Data for analysis Block Start

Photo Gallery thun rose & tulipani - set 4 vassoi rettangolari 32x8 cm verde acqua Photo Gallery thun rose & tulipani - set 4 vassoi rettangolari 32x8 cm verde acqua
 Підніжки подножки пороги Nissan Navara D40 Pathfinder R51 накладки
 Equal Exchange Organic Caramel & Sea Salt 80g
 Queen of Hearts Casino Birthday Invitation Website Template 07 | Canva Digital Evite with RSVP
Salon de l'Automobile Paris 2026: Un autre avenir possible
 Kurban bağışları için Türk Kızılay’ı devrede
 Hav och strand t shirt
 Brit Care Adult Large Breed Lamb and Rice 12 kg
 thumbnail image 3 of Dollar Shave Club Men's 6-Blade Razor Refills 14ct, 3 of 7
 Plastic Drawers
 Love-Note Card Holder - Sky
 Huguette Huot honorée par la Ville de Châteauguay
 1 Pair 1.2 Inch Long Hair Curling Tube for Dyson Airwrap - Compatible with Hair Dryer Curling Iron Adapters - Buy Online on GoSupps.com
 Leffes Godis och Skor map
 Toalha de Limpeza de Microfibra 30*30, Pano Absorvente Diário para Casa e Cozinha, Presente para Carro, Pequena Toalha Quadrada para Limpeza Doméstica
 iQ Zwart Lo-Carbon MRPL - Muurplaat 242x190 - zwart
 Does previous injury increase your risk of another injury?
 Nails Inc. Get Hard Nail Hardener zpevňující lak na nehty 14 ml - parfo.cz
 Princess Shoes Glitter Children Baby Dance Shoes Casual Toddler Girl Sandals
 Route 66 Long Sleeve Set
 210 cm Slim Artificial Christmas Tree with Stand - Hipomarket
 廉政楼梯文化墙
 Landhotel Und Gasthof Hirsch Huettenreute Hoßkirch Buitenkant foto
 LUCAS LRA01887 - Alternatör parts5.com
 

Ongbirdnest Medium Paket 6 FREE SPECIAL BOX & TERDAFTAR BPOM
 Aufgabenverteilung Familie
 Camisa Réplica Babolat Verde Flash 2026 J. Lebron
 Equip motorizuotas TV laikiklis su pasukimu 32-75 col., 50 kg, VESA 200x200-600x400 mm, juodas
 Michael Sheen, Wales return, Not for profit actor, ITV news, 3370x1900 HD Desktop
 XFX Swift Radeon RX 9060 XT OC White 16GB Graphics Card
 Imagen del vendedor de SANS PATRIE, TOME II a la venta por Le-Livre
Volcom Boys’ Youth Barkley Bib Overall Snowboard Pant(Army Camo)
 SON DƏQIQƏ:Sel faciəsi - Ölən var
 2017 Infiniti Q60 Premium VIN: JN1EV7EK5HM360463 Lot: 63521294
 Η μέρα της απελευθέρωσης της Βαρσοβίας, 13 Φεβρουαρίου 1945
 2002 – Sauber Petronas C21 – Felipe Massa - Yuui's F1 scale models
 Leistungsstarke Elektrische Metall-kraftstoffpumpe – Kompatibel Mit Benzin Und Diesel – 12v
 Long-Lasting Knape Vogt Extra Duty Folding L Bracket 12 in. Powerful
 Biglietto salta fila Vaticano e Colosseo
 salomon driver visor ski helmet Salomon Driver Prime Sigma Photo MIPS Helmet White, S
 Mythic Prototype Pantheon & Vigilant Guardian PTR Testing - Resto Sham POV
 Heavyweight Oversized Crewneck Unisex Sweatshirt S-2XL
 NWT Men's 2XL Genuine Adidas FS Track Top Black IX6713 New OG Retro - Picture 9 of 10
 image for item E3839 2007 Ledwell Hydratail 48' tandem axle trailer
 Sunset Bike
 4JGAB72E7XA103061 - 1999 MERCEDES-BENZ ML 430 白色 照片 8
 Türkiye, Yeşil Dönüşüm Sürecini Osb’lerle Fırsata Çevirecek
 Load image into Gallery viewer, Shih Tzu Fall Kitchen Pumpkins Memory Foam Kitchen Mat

Data for analysis Block End

--- Activity ---
Once every line above has been checked for the string "with", give the number of matching lines and nothing more.

--- Response below ---
3